As reported in The Diplomat: "Bangladeshi Prime Minister Tarique Rahman's visit to China on June 22-26 saw the two sides sign 17 bilateral instruments." During the summit between the two countries, they agreed to elevate "their comprehensive strategic cooperative partnership to jointly build a China-Bangladesh community with a shared future," committed to "a 2+2 dialogue mechanism involving diplomacy and defence, and announced plans to implement a Bangladesh-China-Myanmar Economic Corridor."

The meeting has come as a strategic shock to neighbouring India. Traditionally, New Delhi has always been the de facto "overlord" of Bangladesh, the giant having long operated a "backyard policy" which has tried to force other South Asian countries (excluding Pakistan) to take sides. However, India's protection of disgraced former Bangladeshi President Sheikh Hasina, who was overthrown in a 2024 uprising and violently oppressed protests, has led to Dhaka recalibrating relations and asserting more independence in its foreign policy, and much to India's dismay, China is an important port of that.

It should not be surprising, for whether India likes it or not, the "smaller" countries of South Asia see Beijing as a critical partner for their own economic and infrastructure development. While New Delhi has often attempted to suppress this, such as forcing China out of infrastructure projects in Sri Lanka and Nepal, ultimately its own hand has not been strong enough on the premise Beijing's offers are just too beneficial and India does not have the same resources. As a result, many of these countries undertake balancing acts as opposed to offering overt loyalty to either party, and of course, one of the key grievances the Bangladeshi public had with former President Hasina is that she was far too loyal to India.

As a result, Dhaka has taken the strategic decision to deepen its relationship with China. Beyond securing more geopolitical autonomy for itself, its own reasons are largely economic. First of all, Bangladesh is an emerging economy, one that will be very important in the future. With a population base of 177 million, of which is mostly youthful, the development potential of the country is very strong. Although it has experienced turbulence in recent years, as a general trend, Bangladesh has been the most successful economy in South Asia and its GDP per capita has expanded faster than India or Pakistan. The country has the chance to become a manufacturing giant in its own right.

But how, of course, do you achieve this? Bangladesh is under enormous pressure to create infrastructure, precisely because it is one of the world's most densely populated countries, concentrated across the massive Ganges delta which is prone to flooding.

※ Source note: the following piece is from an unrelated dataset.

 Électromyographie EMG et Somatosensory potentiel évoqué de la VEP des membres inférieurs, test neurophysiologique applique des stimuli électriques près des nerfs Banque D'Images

Dhaka, as it is already the second most populated city on the planet with 36 million inhabitants. While this is large in terms of potential, the human strain is enormous. The country needs roads, railways, bridges, electricity, and sanitation. As it is, even in the Indian loyalist era, Bangladesh has relied on China to establish many of these projects precisely as few others are equipped to do so, but this is only one layer.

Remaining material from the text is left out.